Each convolutional neural network will process an image based on a set network size. The network size we used in our training sessions was 640 × 640. Any image that is parsed into the network that is above the network size will be scaled down to the network’s size [16]. This results in a great loss of information, resulting in much less accuracy and visibility. Image tiling is a technique that is regularly used by many convolutional neural networks to fight this problem and allow the model to perform at its best potential.

Image tiling works by tiling each image into multiple smaller pieces that match the network’s size. In the later figures, it is proven that it substantially increased the precision of the model. This technique can dramatically increase the complexity of the problem, whilst the model, instead of processing one image, processes multiple images, which are subsets of one. The implication of obtaining this much accuracy using image tiling is a dramatic loss in the computational performance of the model during evaluation.

We applied image tiling in our dataset, as well as during the evaluation of the model, to maximise the potential of the model. This technique became especially effective and increased the overall mAP of our model when we attempted to detect objects that are small and difficult to detect.

Applying image tiling to our dataset increased the total number of samples, based on the total count and resolution of our images, Figure 4. This technique was achieved using DarkMark after the image has been labeled. It is a common practice to apply image tiling when we are engaging with small object detection.

In the subsequent sections, specifically Section 4.4, we demonstrated the computational performance required by the trained models YOLOv4-tiny [10] and YOLOv4 [19]. The aim of these comparisons was to highlight the improvements achieved by applying image tiling, as well as the computational performance given by our results. By comparing the results with and without image tiling, we will be able to assess the impact of this technique on the overall accuracy of the model’s predictions.

2.2. Image Enhancement

This section describes the method we used to enhance the samples in our dataset, in order to improve the overall mean Average Precision (mAP) of our model’s results [20,21]. To address the degradation and lack of visibility in certain regions of the image caused by the Sun, we applied gamma correction [22] to enhance our dataset. Gamma correction works by non-linearly scaling the intensity values of the image based on a

γ

value defined by the user; see Equation (1). In our case, we developed a Python [23] program using OpenCV [17] that applies gamma correction to each frame of the captured footage. The defined gamma value was set to 0.6. Any value higher than 1 will increase the brightness of the image, and any value less than 1 will decrease the brightness of the image.

G a m m a = i^{\frac{1}{γ}}

(1)

Figure 5 is a depiction of one of our samples in our dataset, which effectively conveys the difference using gamma correction. This method was specifically used to reduce the degradation caused by the Sun. The figure showcases an improvement in image quality after applying gamma correction.

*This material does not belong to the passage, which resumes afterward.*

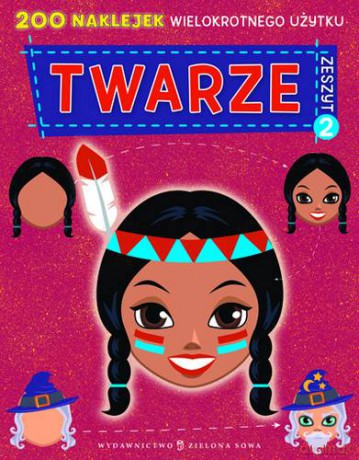 Twarze zeszyt 2 [KSIĄŻKA]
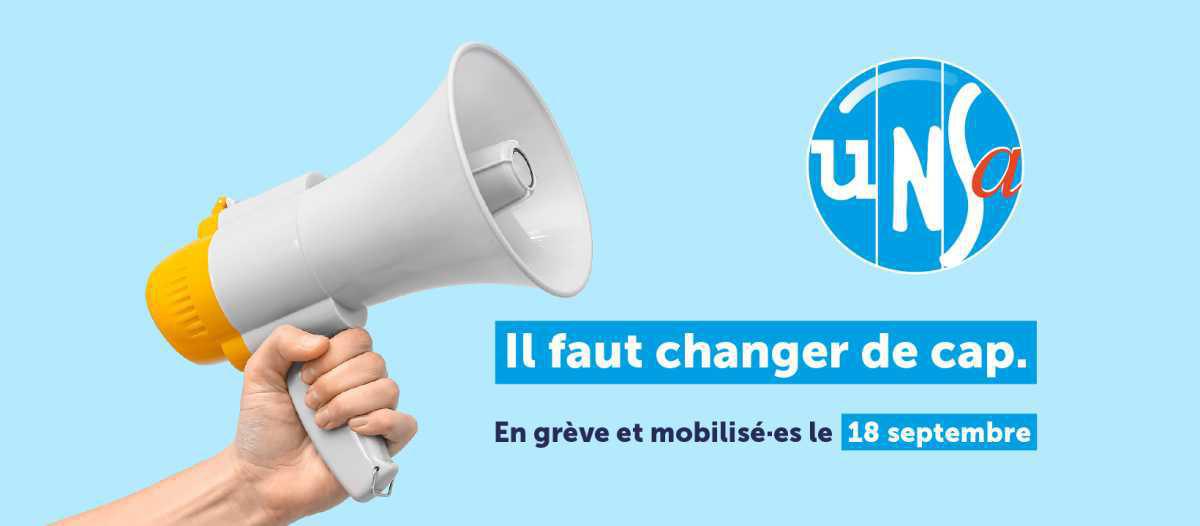 IL FAUT CHANGER DE CAP !! IL FAUT CHANGER DE CAP !!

2.3. Object Detection Models and Configurations

YOLOv4 [19] and YOLOv4-tiny [10] were the primary models for the development of this research. YOLOv4 was trained for its accuracy, whilst YOLOv4-tiny for its high performance compared to YOLOv4. The trained models can be efficiently evaluated utilising the Darknet framework to obtain class-specific outcomes, including average precision measures.

Figure 6 compares the Average Precision (AP) over the Frames Per Second (FPS) for various models including YOLOv4 and YOLOv4-tiny. The evaluation results of this graph were implemented on the MS COCO Dataset [24]. The graph describes how YOLOv4 outperformed YOLOv4-tiny in terms of precision, although it highly underperformed in terms of computational performance. YOLOv4-tiny was originally developed to perform well for low-cost embedded systems, to perform basic computer vision tasks.

During training and evaluation, both models used the same parameters to closely evaluate the differences between the two models. Both models had a 640 × 640 network size, which determined the resolution of the images parsed into the network. The training session parameters we used for both models are displayed in Table 1.

2.3.1. YOLOv4 Architecture

YOLOv4 is a advanced convolutional neural network model, based on CSPDarknet53 as the backbone Figure 7. Darknet-53 is also known as YOLOv3 [25].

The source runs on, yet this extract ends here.